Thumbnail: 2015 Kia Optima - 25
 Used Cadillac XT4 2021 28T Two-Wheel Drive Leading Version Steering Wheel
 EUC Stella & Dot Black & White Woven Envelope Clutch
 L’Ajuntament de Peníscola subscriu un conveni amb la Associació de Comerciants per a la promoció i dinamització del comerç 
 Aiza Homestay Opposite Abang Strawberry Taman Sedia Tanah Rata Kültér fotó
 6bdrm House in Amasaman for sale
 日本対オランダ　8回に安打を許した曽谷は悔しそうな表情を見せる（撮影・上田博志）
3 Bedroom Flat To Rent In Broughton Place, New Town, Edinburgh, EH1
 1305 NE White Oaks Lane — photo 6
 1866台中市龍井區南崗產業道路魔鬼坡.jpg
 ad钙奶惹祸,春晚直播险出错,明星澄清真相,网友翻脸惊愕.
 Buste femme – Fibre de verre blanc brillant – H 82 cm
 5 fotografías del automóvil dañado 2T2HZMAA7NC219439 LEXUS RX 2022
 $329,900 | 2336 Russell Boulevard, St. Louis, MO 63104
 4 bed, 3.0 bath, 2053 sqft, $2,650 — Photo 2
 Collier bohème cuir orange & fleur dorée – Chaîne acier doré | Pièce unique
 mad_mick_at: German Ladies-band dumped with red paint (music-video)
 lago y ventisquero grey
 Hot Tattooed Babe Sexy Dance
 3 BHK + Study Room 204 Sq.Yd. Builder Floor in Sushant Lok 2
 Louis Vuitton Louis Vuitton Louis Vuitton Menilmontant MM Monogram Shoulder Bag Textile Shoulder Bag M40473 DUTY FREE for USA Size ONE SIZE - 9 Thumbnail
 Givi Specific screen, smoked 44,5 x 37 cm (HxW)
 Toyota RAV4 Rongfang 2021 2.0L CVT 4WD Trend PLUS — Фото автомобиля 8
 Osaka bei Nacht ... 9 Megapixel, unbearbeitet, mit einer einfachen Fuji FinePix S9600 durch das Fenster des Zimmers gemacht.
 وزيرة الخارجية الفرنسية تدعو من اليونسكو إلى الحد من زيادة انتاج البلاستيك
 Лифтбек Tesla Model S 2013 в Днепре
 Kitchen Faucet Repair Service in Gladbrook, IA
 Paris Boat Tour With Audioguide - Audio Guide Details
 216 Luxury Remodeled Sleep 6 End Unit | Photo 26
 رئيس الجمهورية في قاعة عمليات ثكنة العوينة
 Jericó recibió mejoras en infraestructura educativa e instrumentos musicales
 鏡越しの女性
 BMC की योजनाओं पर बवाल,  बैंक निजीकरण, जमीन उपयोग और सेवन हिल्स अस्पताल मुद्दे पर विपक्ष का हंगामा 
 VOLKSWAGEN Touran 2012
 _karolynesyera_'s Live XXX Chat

◇ ◇ ◇ ◇ ◇

Counting only lines that hold the word "White", say how many there are in the listing above and add nothing.

- _ANSWER_:
2